I don't have enough knowledge regarding the poodle world yet to be able to give you much of an answer as far as AKC poodles goes, but I do know that in many other traditionally docked breeds international dogs (or even US born and bred dogs) that are undocked are doing better and better and gaining more acceptance all the time. 

I am a little more familiar with the Silky world. In Silky Terriers there is one breeder who has stopped docking altogether and her dogs are finishing easily and even climbing the ranks in the breed and all breed standings. Her dogs do show internationally as well, so docking them would limit her options. Many members of the Silky Terrier Club of America are fighting to keep the traditions of docking alive but I think in the end they are fighting a losing battle. 

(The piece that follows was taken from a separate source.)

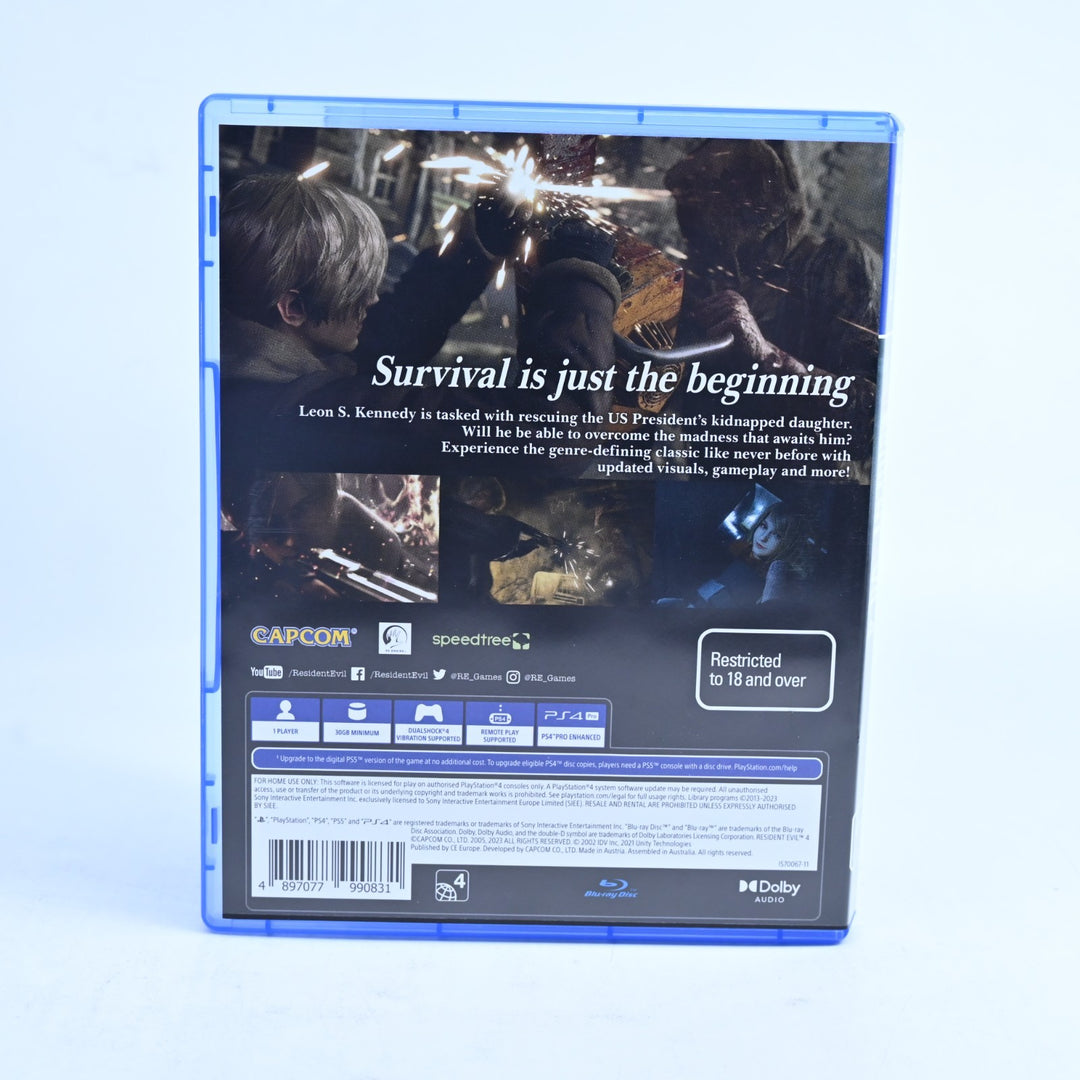 Resident Evil 4 - Sony Playstation 4 / PS4 Game - MINT DISC!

I imagine most of the standards for traditionally docked/cropped breeds will eventually have to reflect some tolerance towards naturally tailed specimens. Even if it takes a while for he standards to change, I suspect the judges will become more accepting as more natural tails enter their rings. 

I say, go for it...


----------



## Aubrey

The dog will be shown in the UKC, but since I know they accept "whole" dogs, I didn't even think to ask/talk about it haha.


----------



## Countryboy

Aubrey said:


> The dog will be shown in the UKC, but since I know they accept "whole" dogs, I didn't even think to ask/talk about it haha.


Well u might be looking in slightly the wrong direction even now. The AKC would not be the ones to set the rules. They would go by the standards set by the breed clubs . . . such as the PCA.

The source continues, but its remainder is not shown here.